In February of this year there had been bodied forth in Seward the politician. Now, a far-seeing statesman spoke. One was compared to Webster's 7th-of-March speech,--the other was commended by the Abolitionists.”--James F. Rhodes, _History of the United States_, Vol.
2, pp. 344-5.]
The result of the election was favourable to the Republicans, Morgan's majority over Parker being 17,440.[503] Ninety-nine members of the Legislature and twenty-nine congressmen were either Republicans or anti-Lecompton men. But, compared with the victory of 1856, it was a disappointment. John A. King had received a majority of 65,000 over Parker. The _Tribune_ was quick to charge some of this loss to Seward.
”The clamour against Sewardism lost us many votes,” it declared the morning after the election. Two or three days later, as the reduced majority became more apparent, it explained that ”A knavish clamour was raised on the eve of election by a Swiss press against Governor Seward's late speech at Rochester as revolutionary and disunionist.
Our loss from this source is considerable.” The returns, however, showed plainly that one-half of the Americans, following the precedent set in 1857, had voted for Parker, while the other half, irritated by the failure of the union movement at Syracuse, had supported Burrows.

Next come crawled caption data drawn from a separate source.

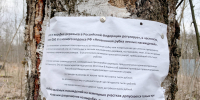 Богомаз: ни одно дерево в Брянске не уничтожили «просто так» - БрянскToday.Ru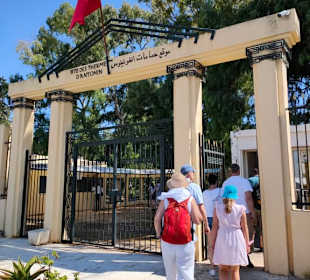 Ausgrabungen Karthago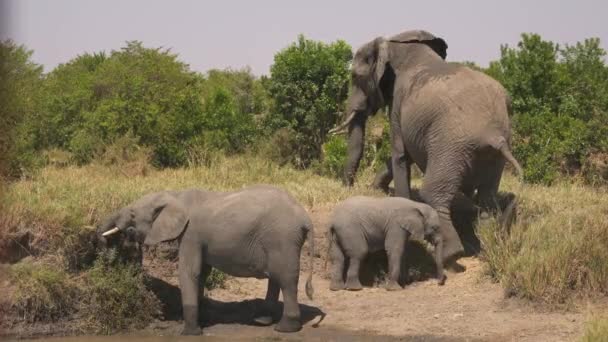 Elefante Com Dois Bezerros — Vídeo de Stock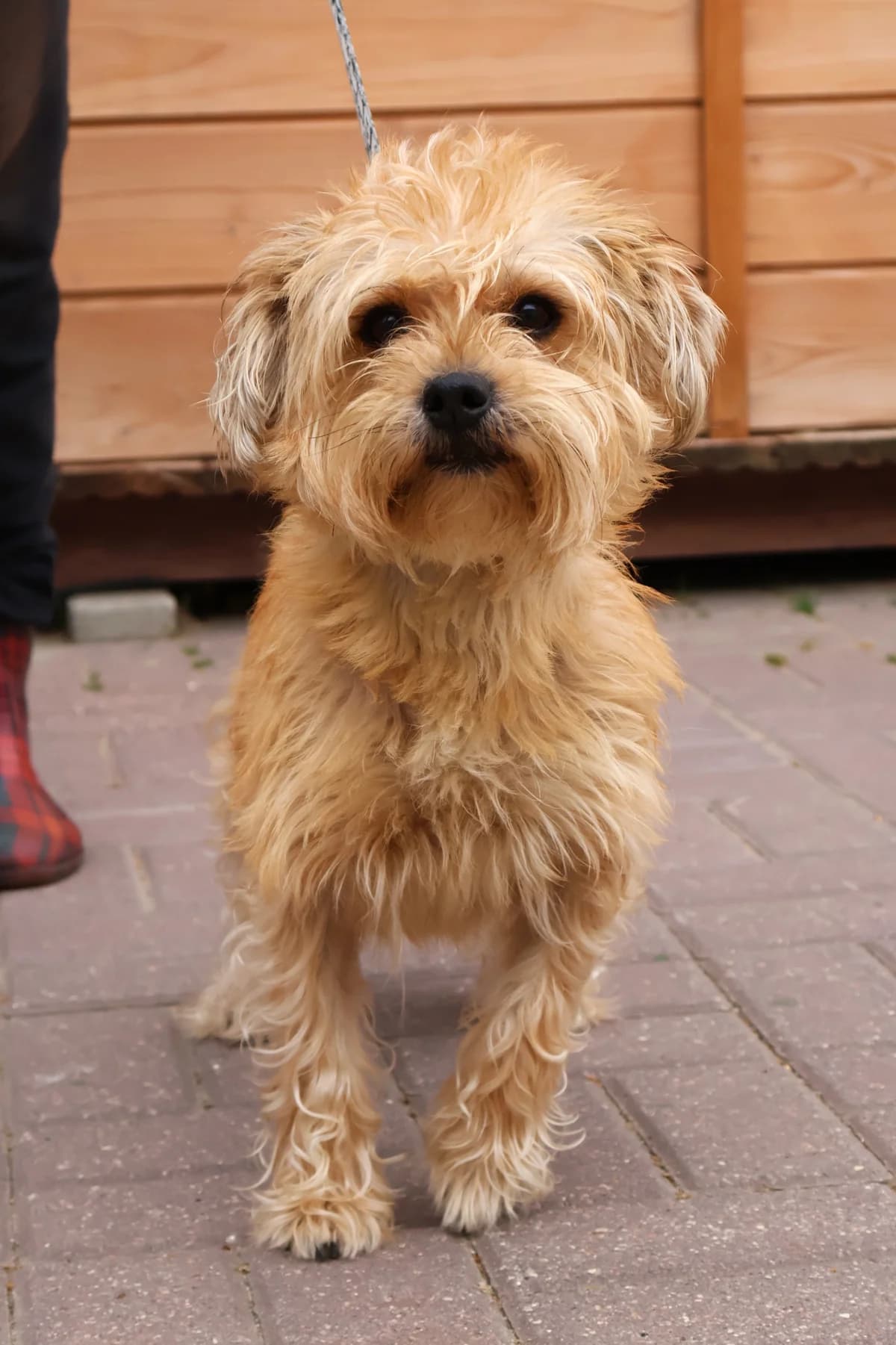 Koka, female 6yo Mixed Breed for adoption at Schronisko Lodz, Lodz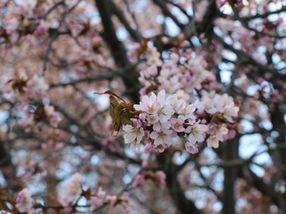 春の息吹　初桜🌼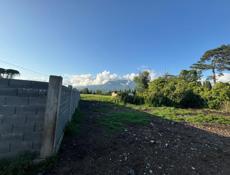 Пицунда, Алахадзы 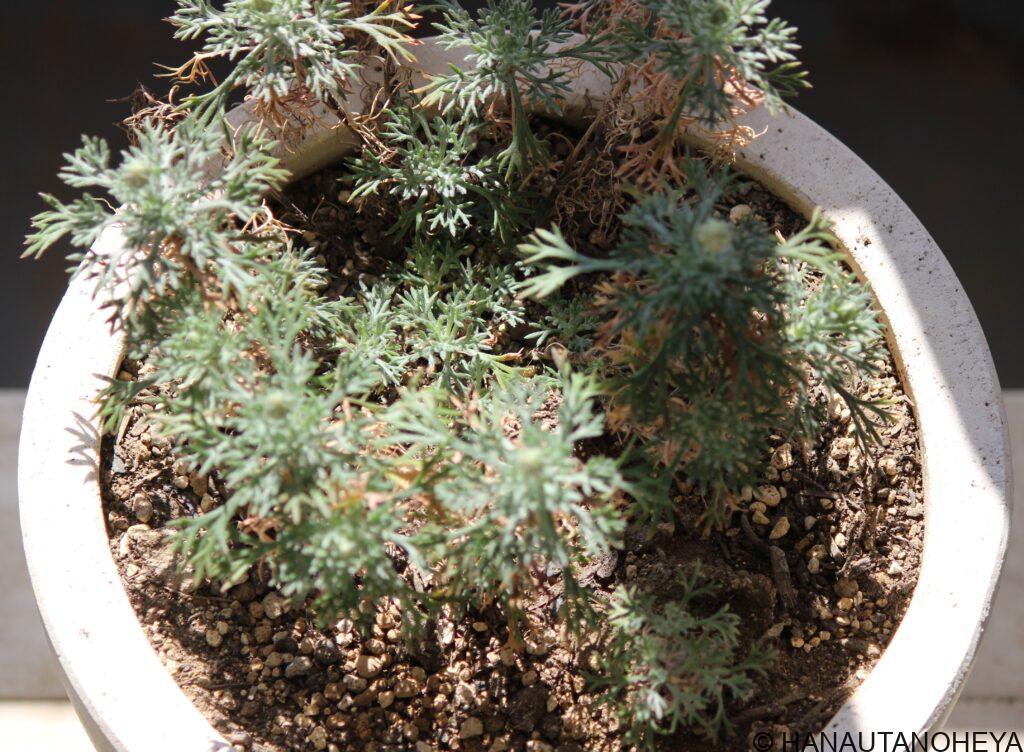 アプリコットジャム　エルフピンク　挿し芽　鉢植え　冬越し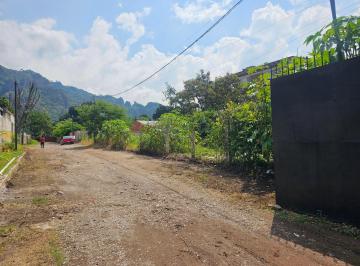 Vista de la privada sobre la Avenida · Tepoztlan Morelos, Terreno en Venta en El Barrio de Ixcatepec.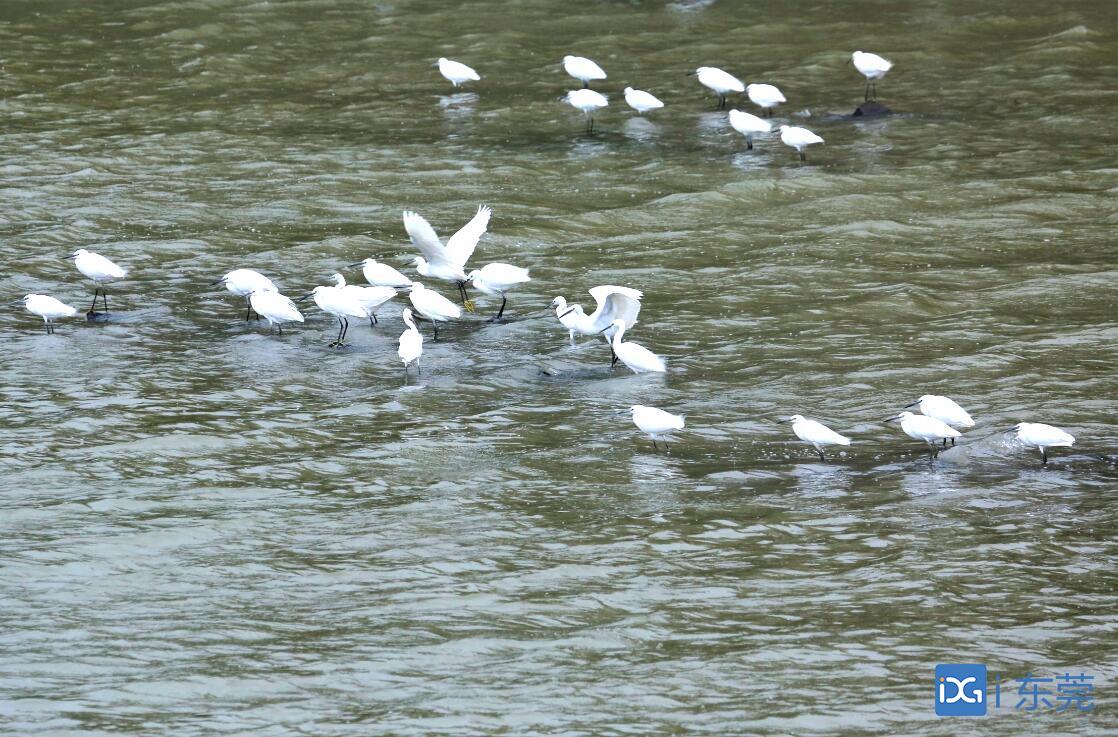 ■石马河干流桥头段水清岸美，白鹜在浅水处觅食（通讯员 赵伟良 供图）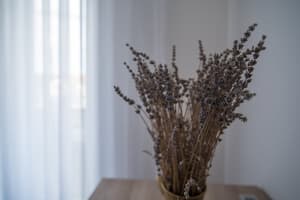thumbnail: Interior detail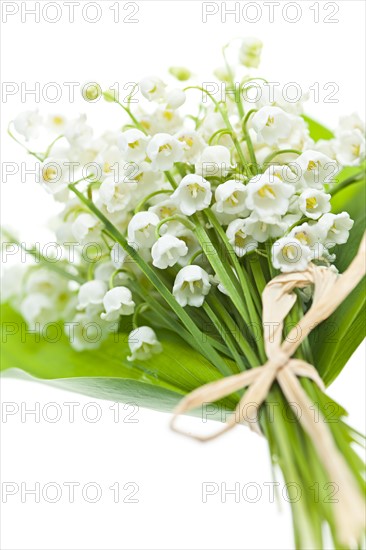 Lily of the valley, studio shot. Photo : Elena Elisseeva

Had the coalition succeeded, Morgan's majority must have been larger than King's. But, small as it was, there was abundant cause for Republican rejoicing, since it kept the Empire State in line with the Republican States of New England, Ohio, Michigan, Iowa, and Wisconsin, which were now joined for the first time by Pennsylvania, New Jersey, and Minnesota. Indeed, of the free States, only California and Oregon had indorsed Buchanan's administration.
[Footnote 503: Edwin D. Morgan, 247,953; Amasa J. Parker, 230,513; Lorenzo Burrows, 60,880; Gerrit Smith, 5470.--_Civil List, State of New York_ (1887), p. 166.]